Records to process:

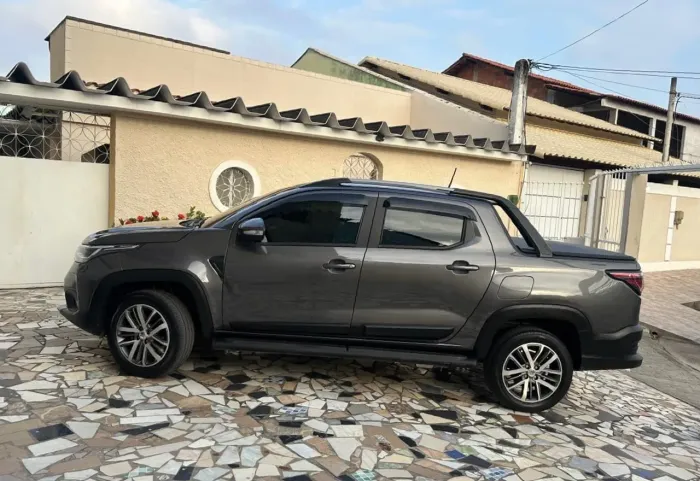 Fiat Strada Volcano 1.3 Flex 8V CD 2023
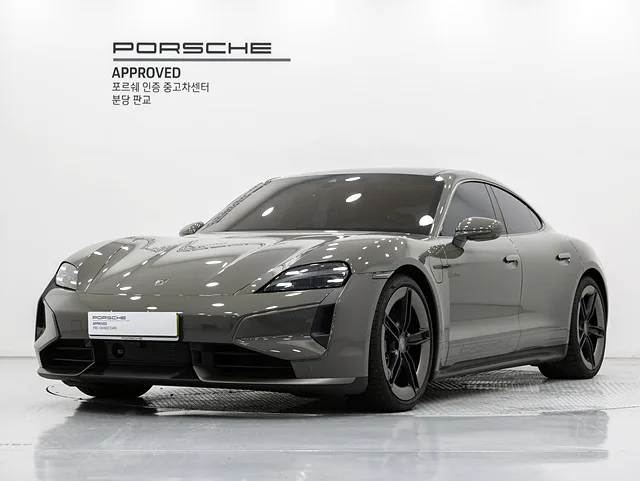 2025 Porsche Taycan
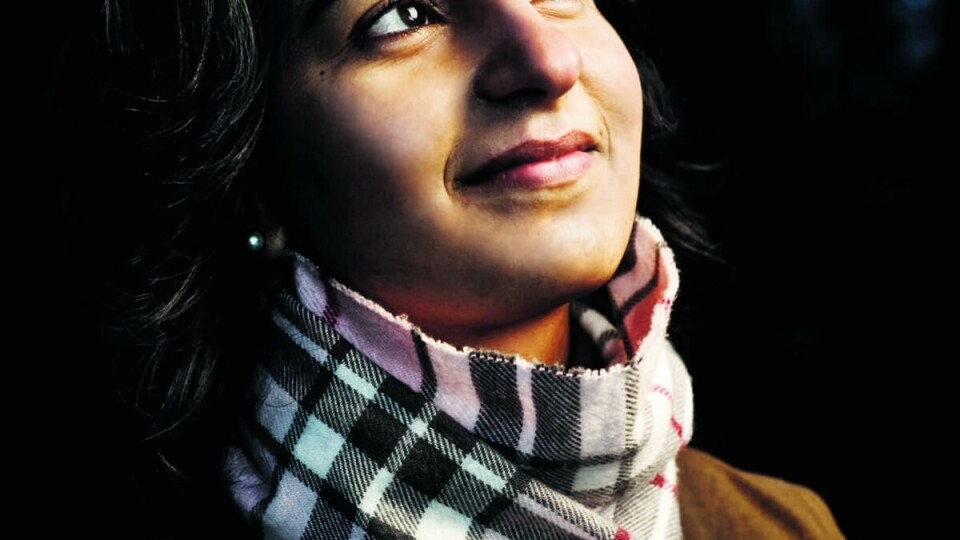 ENGASJERT: Bushra Ishaq er svært aktiv og engasjert, og får all inspirasjon fra religionen sin, enten det gjelder miljø eller kvinnerettigheter. Men hun er også den morsomme, barnslige jenta som elsker å spise blåbær i skogen.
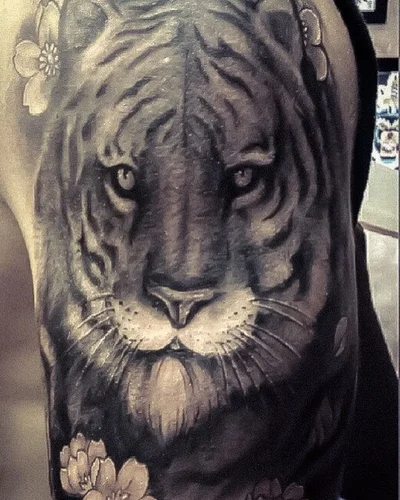 Santana Tattooer tattoo 011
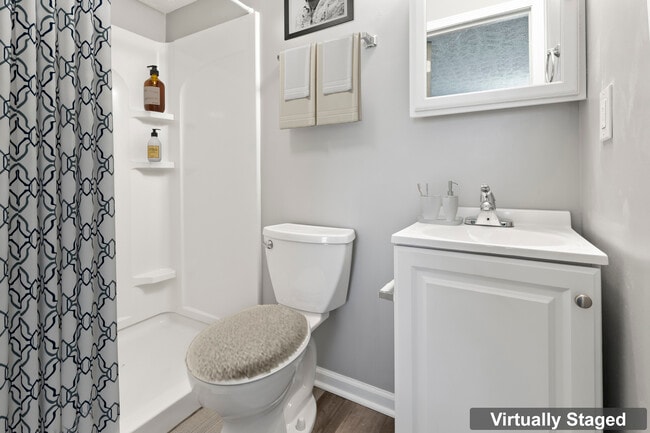 Master Bath - 1638 Waterstone Ct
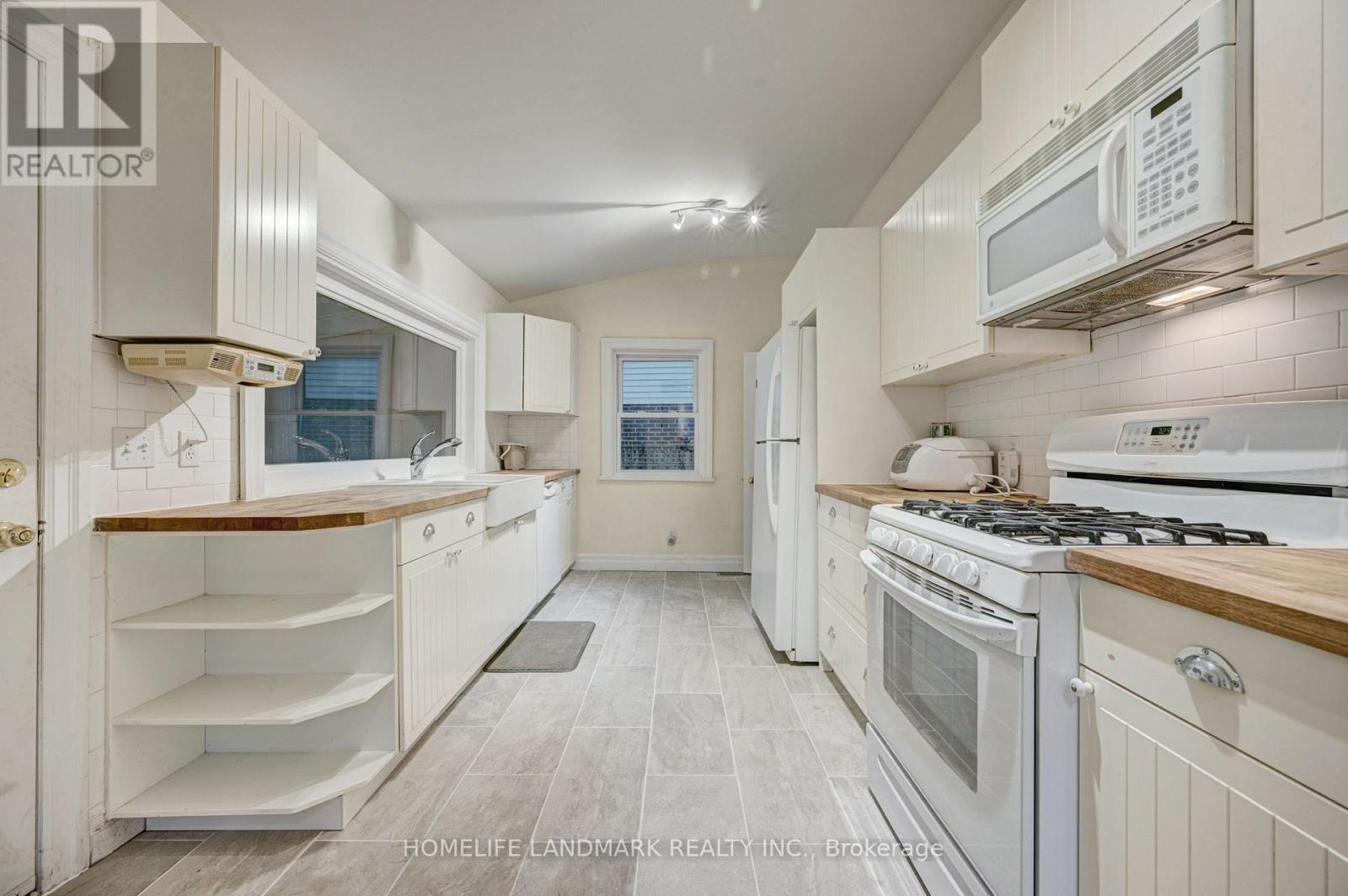2174 New Street, Burlington, Ontario L7R 1H8 - Photo 9 - W13724440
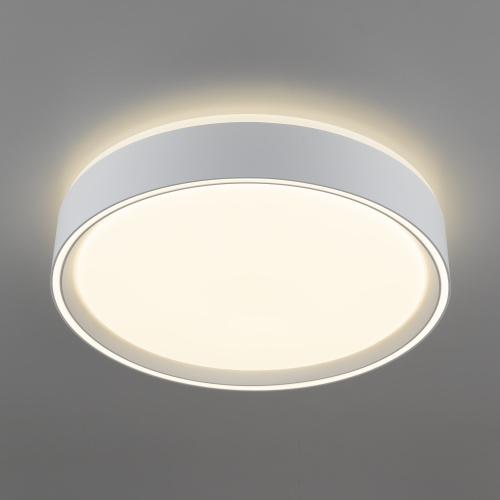 Citilux BOSS CL751250G LED RGB Светильник с пультом Белый фото 2 Citilux BOSS CL751250G LED RGB Светильник с пультом Белый фото 2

Task:
Beginning with the line that contains "Santana Tattooer tattoo 011", write out every line through the last one in the records, exactly and without pictures.

Output for this task:
 Santana Tattooer tattoo 011
 Master Bath - 1638 Waterstone Ct
2174 New Street, Burlington, Ontario L7R 1H8 - Photo 9 - W13724440
 Citilux BOSS CL751250G LED RGB Светильник с пультом Белый фото 2 Citilux BOSS CL751250G LED RGB Светильник с пультом Белый фото 2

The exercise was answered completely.